Kelly McGillis was offered the role of Sarah Tobias, but having survived a violent sexual assault at knifepoint by two men who broke into her NYC apartment in 1982, she declined the role and instead fought for the part of Kathryn Murphy.
Upon seeing a pre-screening of the film, Jodie Foster thought her performance as Sarah Tobias was so awful that she immediately began preparing for and taking the GRE's for graduate school. She was prepared to leave her film career behind and focus on academia...until she won the Academy Award for her performance.
The gang rape scene was highly controversial at the time of the film's release. It was the longest, most graphic, and most realistic depiction of a sexual assault in cinematic history. It took five days to rehearse and film, and was a difficult experience for all of the cast and crew involved.
Jodie Foster had to console the male actors who were supposed to be raping her; because they kept breaking down and crying during the scene; it was so tramautic fake-raping this character.
"Sarah Tobias: You don't understand how I feel!
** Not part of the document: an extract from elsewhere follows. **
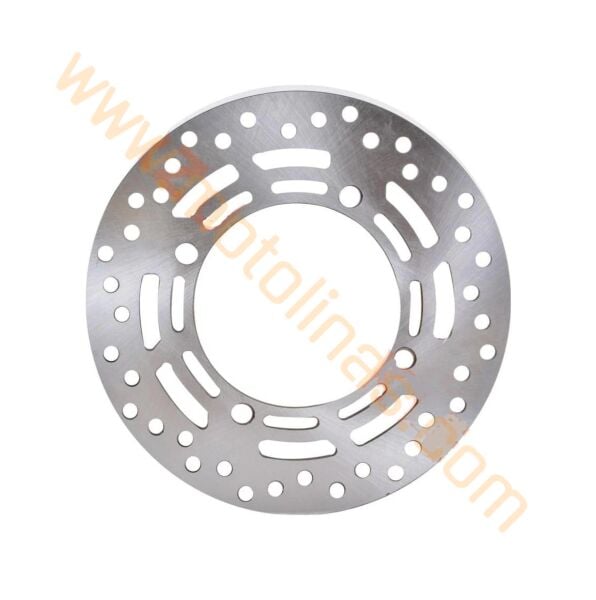 Honda PCX Ön Fren Diski 2018-2020 Uyumlu Ön Disk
I'm standing there with my pants down and my crotch hung out for the world to see and three guys are sticking it to me, a bunch of other guys are yelling and clapping and you're standing there telling me that that's the best you can do. Well, if that's the best you could do, then your best sucks! Now, I don't know what you got for selling me out, but I sure as shit hope it was worth it!"
"Kathryn Murphy: Ladies and Gentleman, Mr. Paulson has told you the testimony of Sarah Tobias is nothing. Sarah Tobias was raped but that is nothing. She was cut, bruised, and terrorized but that is nothing. All of it happened in front of a howling crowd and that is nothing. Well, it may be nothing to Mr. Paulson, but it is not nothing to Sarah Tobias and I don't believe it's nothing to you. Next, Mr. Paulson tried to convince you that Kenneth Joyce was the only one in that room who knew that Sarah Tobias was being raped. The only one. Now you watched Kenneth Joyce, how did he strike you? Did he seem specially sensitive? Did he seem so remarkable that you said to yourselves, "Of course. This man would notice things other people wouldn't." Do you believe that Kenneth Joyce saw something in that room that those three men didn't see. In all the time that Sarah was pinned down on that Pinball machine that other people didn't know? Kenneth Joyce confessed to you that he watched a rape and did nothing. He told you that everyone in that bar behaved badly and he was right. But no matter how immoral it may be, it is not the crime of criminal solicitation to walk away from a rape. It is not the crime of criminal solicitation to watch a rape. But it is the crime of criminal solicitation to induce, or entreat, or encourage, or persuade another person to commit a rape. Hold her down, stick it to her, make her moan. These three men did worse than nothing. They cheered and they clapped and they rooted the others on. They made sure that Sarah Tobias was raped, and raped, and raped, and raped. And tell me, was that nothing?"